START DATA BELOW

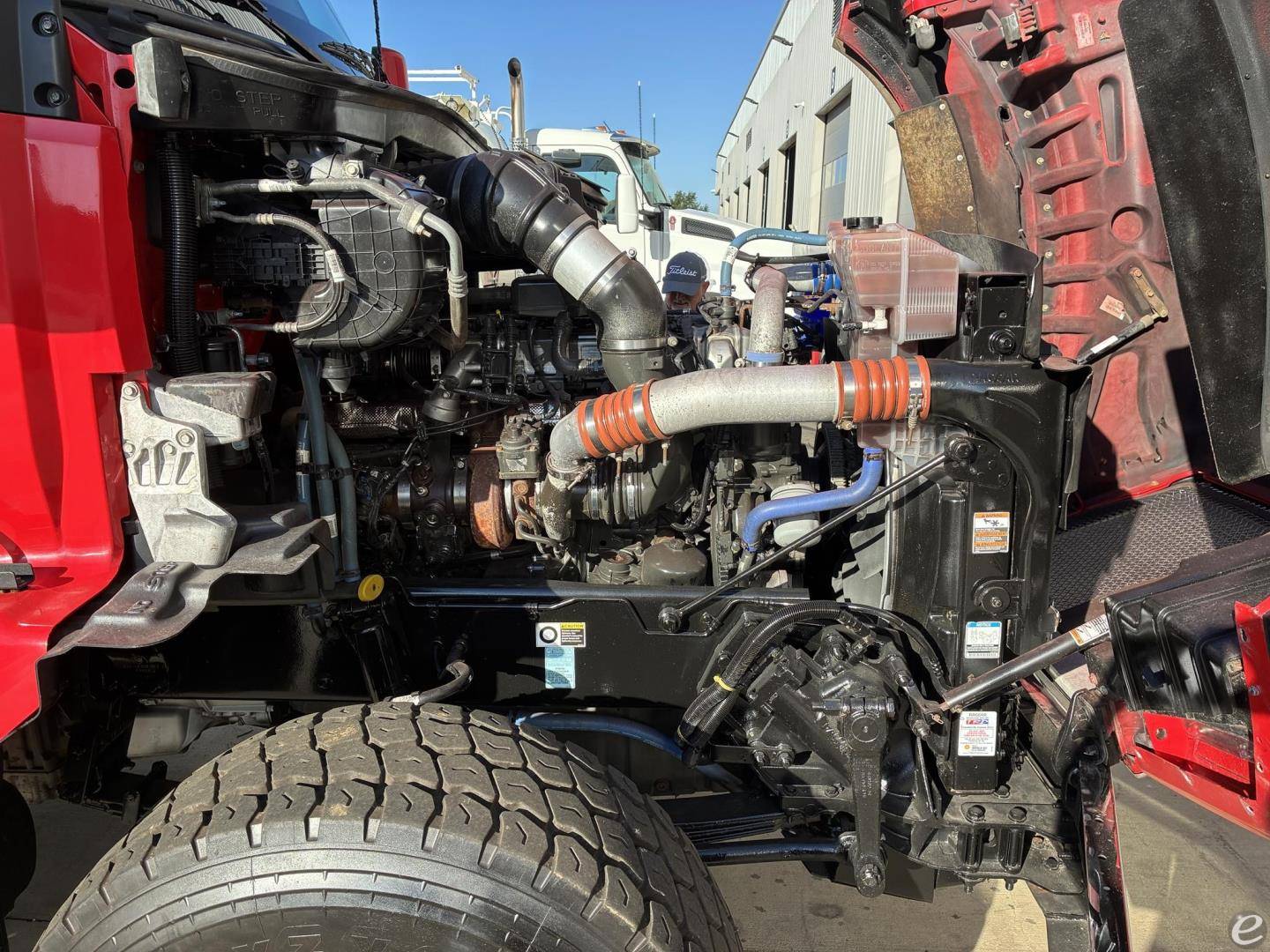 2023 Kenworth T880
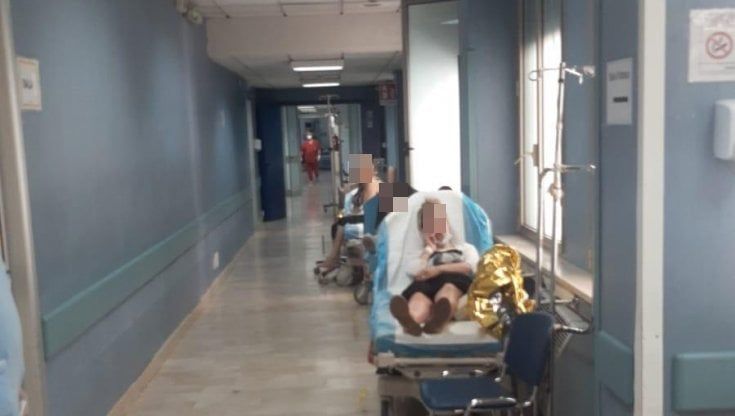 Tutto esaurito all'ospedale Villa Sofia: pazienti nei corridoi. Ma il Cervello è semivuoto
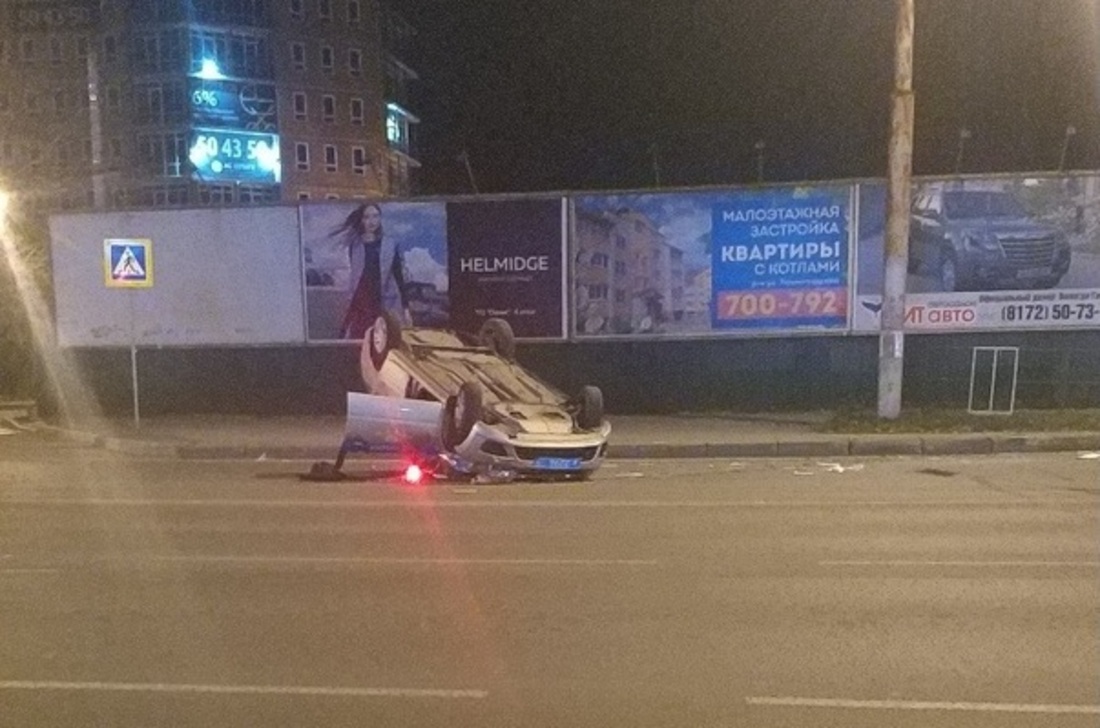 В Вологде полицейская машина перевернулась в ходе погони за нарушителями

END DATA BELOW

_WHAT THE EXERCISE ASKS_.
Print the material word for word without images.

_EXPECTED ANSWER_.
 2023 Kenworth T880
 Tutto esaurito all'ospedale Villa Sofia: pazienti nei corridoi. Ma il Cervello è semivuoto
 В Вологде полицейская машина перевернулась в ходе погони за нарушителями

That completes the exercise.